I’m encountering a persistent issue when running the StableDiffusionInpaintPipeline for an inpainting task. Despite passing inputs in the expected formats (both the image and mask are in PIL.Image.Image format with correct sizes), I keep receiving the following error:
ValueError: Input is in incorrect format. Currently, we only support <class 'PIL.Image.Image'>, <class 'numpy.ndarray'>, <class 'torch.Tensor'>
Here’s the code that triggers the error:
# Image and mask setup
image_pil = Image.fromarray(image_np)
mask_pil = Image.fromarray(black_mask).convert("L")

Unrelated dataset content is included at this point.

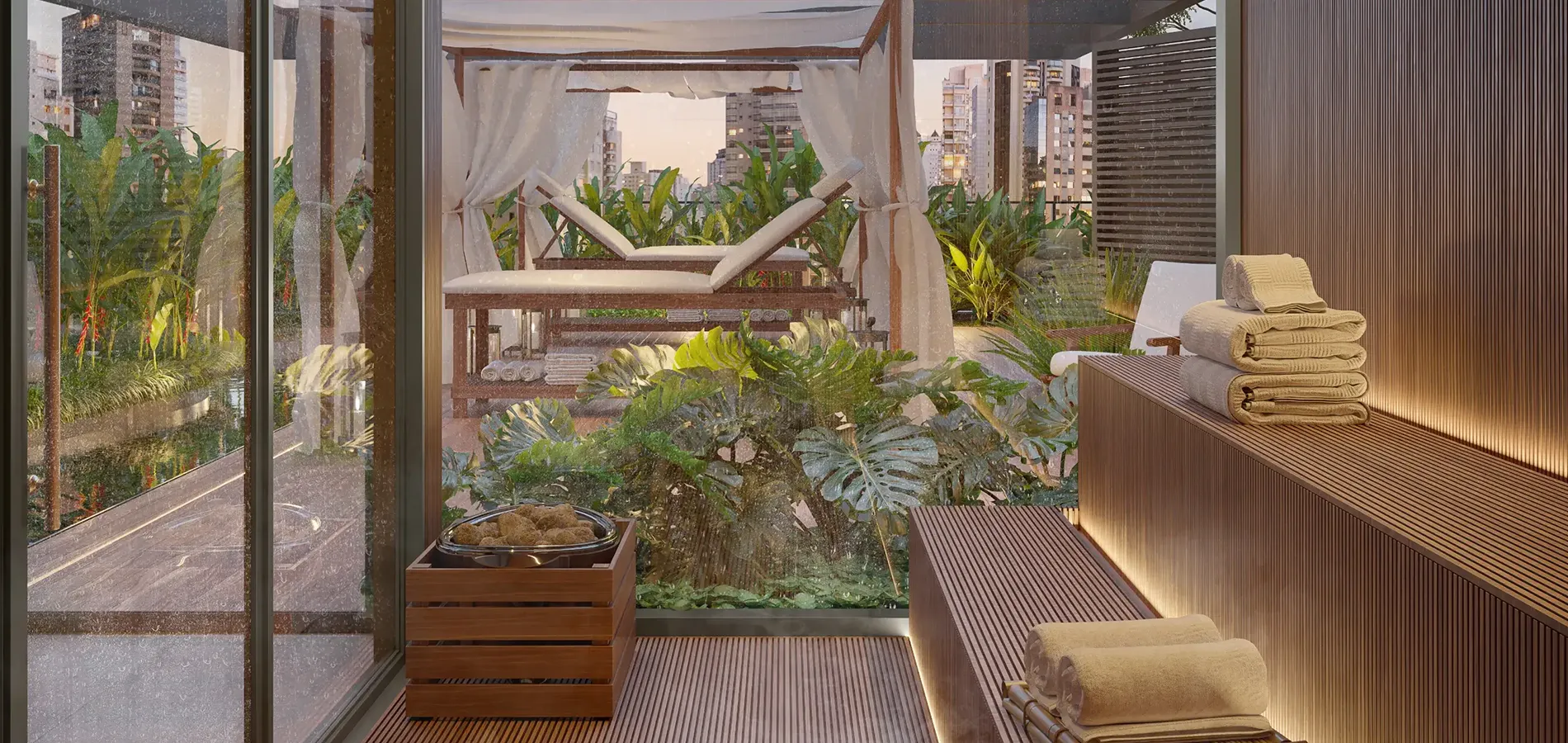 Terraço com vegetação do Asteri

# Generator for reproducibility
generator = torch.Generator(device="cuda").manual_seed(0)
image = model["pipeline"](
prompt=prompt,
negative_prompt=IMG_INPAINTING_NEG_PROMPT,
image=image_pil, # PIL Image
mask=mask_pil, # Grayscale mask (mode "L")
guidance_scale=8.0,
num_inference_steps=50,
generator=generator,
).images[0]
Image and Mask Details:
Image size : (512, 768), mode: RGB
Mask size : (512, 768), mode: L
The mask is binary (contains only 0 and 255 values).
I’ve also tried using a simple manually created mask to ensure that FastSAM-generated masks aren’t causing the issue, but I still get the same error.
1 Like
It looks like you are stuck here, but I think this is a bug in Diffusers…?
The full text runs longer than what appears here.